El del precinto

 

En el asiento de acompañante viajaba el jefe y al lado manejaba el tipo que me puso el precinto, ni quiero decir el nombre de esos dos personajes. Atrás, en el baúl del auto, iba yo. No pude calcular exactamente cuánto tiempo, pero estuvimos viajando muchas horas. Sabía muy bien lo que se suponía que iba a pasarme. Intentaba gritar, pero me habían metido una media y tapado la boca con cinta.
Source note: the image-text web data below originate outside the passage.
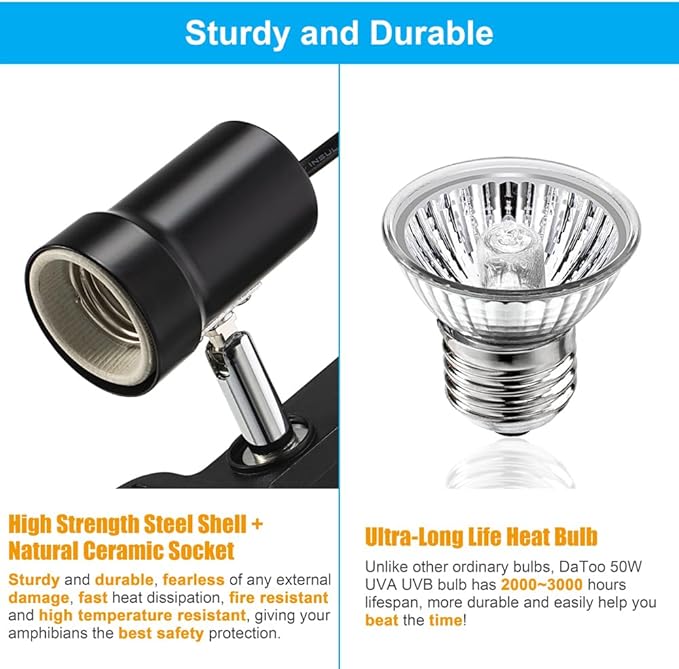 DaToo Reptile Heat Lamp Rotatable Turtle Heating Light with 50W UVA UVB Heat Bulb Simulated Sunlight Basking Spot Lamp with Clamp for Reptiles Lizard Amphibian Bearded Dragon Snake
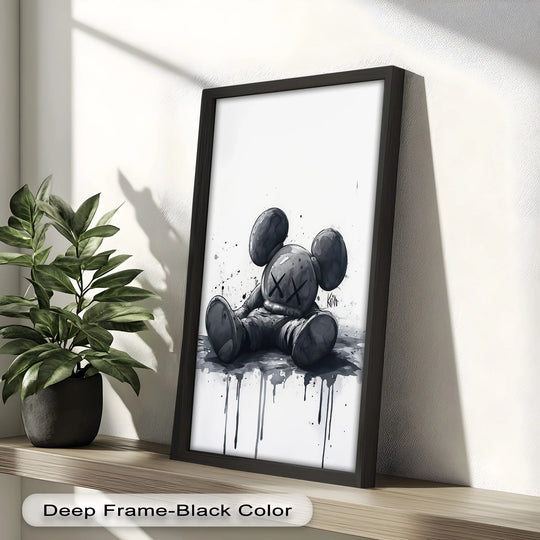 Melancholy modern oil painting art evokes a still, contemplative mood through the monochrome tones and slumped KAWS figure in this fine art print.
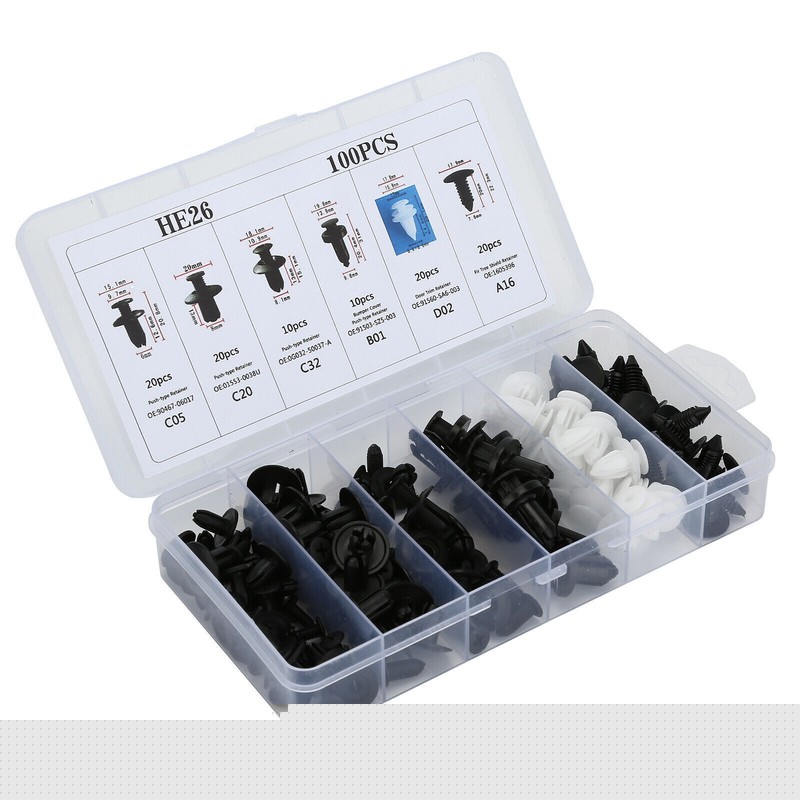 100pcs Box Set Bumper Fender Liner Push Type Retainer Clips for Ford Cars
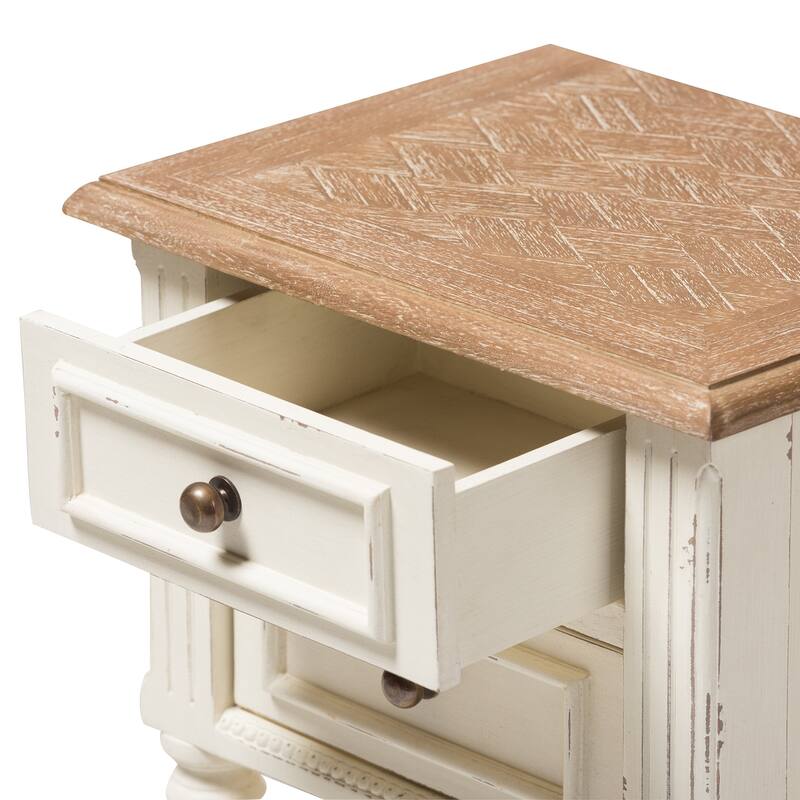 Nightstand 2 Drawer Bedside Table Modern French Provincial Style Furniture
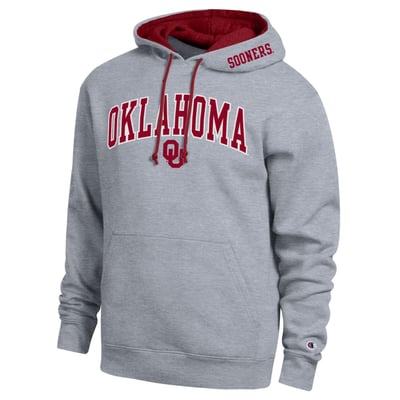  Oklahoma Sooners Champion Arch Tackle Twill Hoodie - Heather Gray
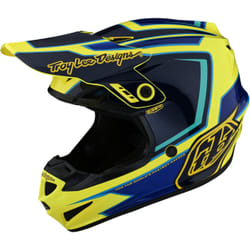 Troy Lee Designs GP Ritn Casque de motocross, bleu-jaune, taille L pour Hommes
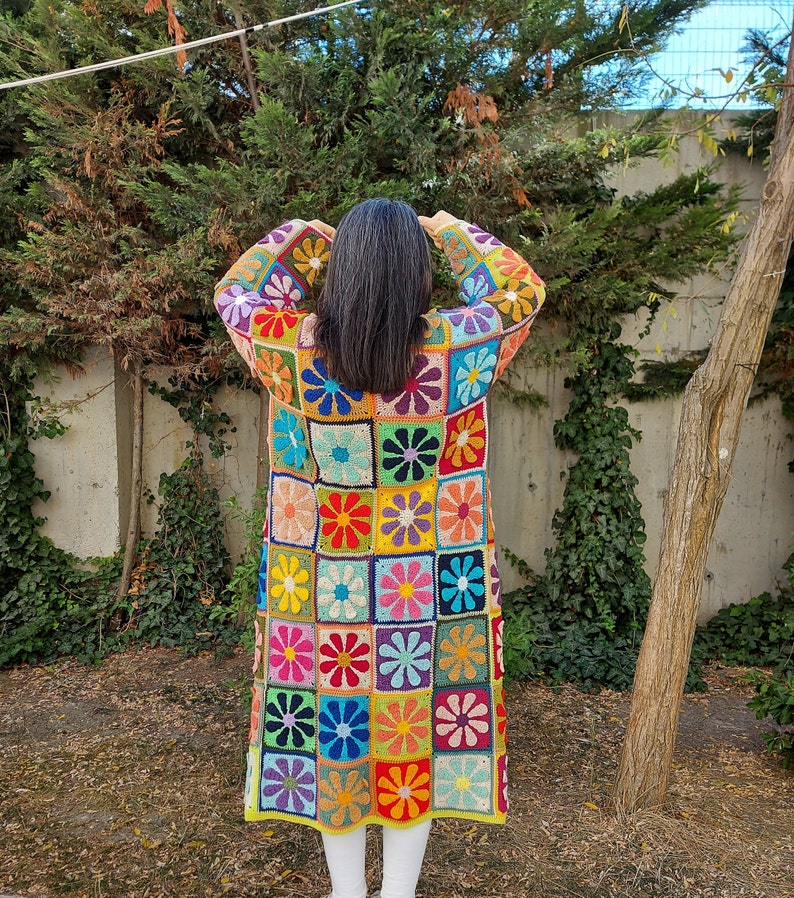 Crochet Patchwork Cardigan, Multicolor Granny Square Jacket, Boho Long Cardigan, Multicolor Maxi Plus Coat, Handknit Women Clothing Sweater, image 3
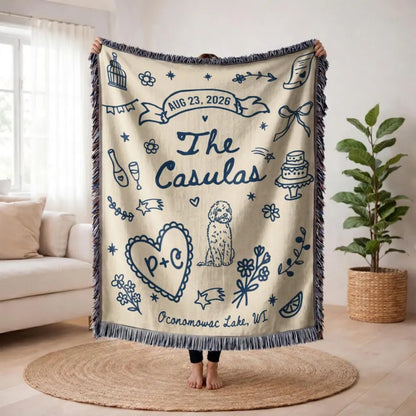 Personalized Wedding Engagement Woven Blanket, Custom Wedding Blanket Fot Couple WD0350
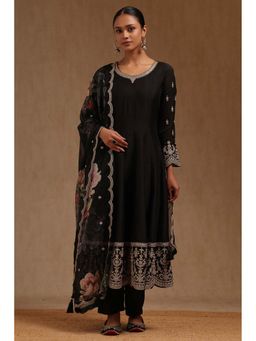 Soch - Black Floral Anarkali Kurta with Pant & Dupatta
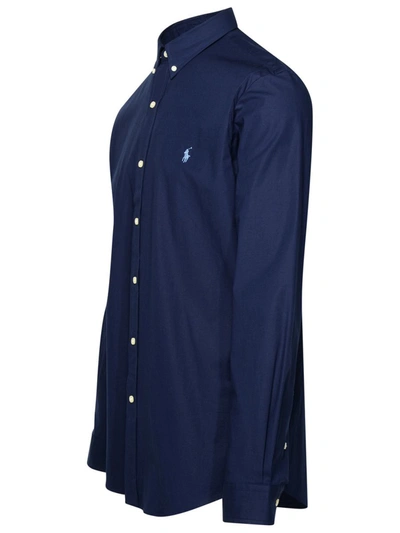 Shop Polo Ralph Lauren Navy Stretch Cotton Shirt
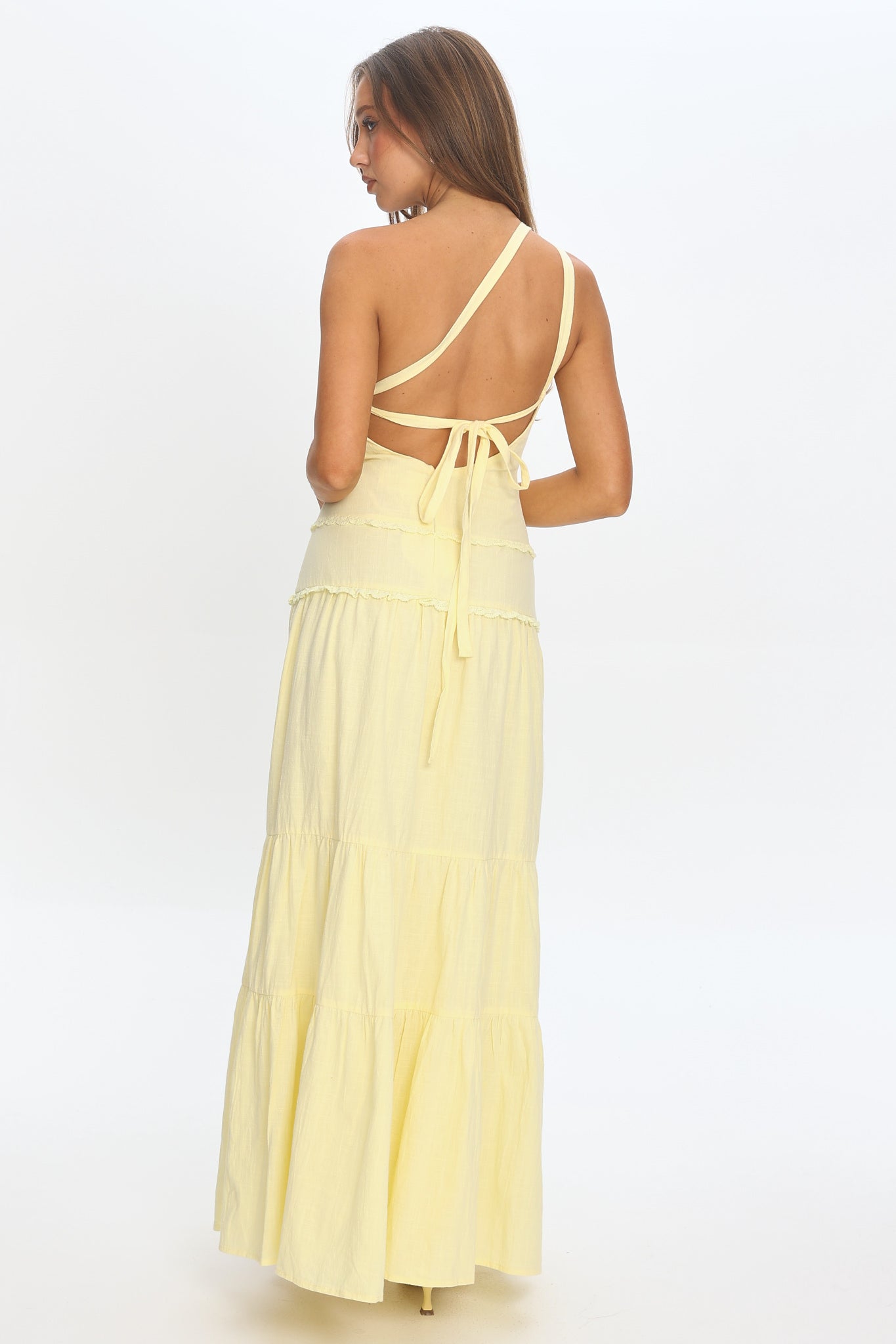 Rico One-Shoulder Strappy Back Maxi Dress Butter by Selfie Leslie Australia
Cualquiera que me conoce sabe que nunca creí en ningún dios, y aun así, en ese momento me puse a rezar; pedía lograr sacarme el precinto que me sujetaba las manos, y mientras tanto tironeaba con todas mis fuerzas y más para poder lograrlo, pero era inútil: los precintos están hechos para no ser destrabados. Todo el cuerpo me dolía. El jefe, con mucho entusiasmo, me había dado una buena cantidad de golpes. El del precinto no lo disfrutó, pero cuando yo ya estaba en el suelo me propició unas cinco o seis patadas en el pecho. Finalmente, el auto se detuvo y todo se me distorsionó, había llegado el momento. Escuché abrirse y cerrarse las puertas de adelante y, posteriormente, el fuerte sonido de las pisadas de mis verdugos. Intenté imaginar cómo salir de esa: alguna información para darle al jefe, algo con lo que negociar. Fue inútil, la decisión ya estaba tomada.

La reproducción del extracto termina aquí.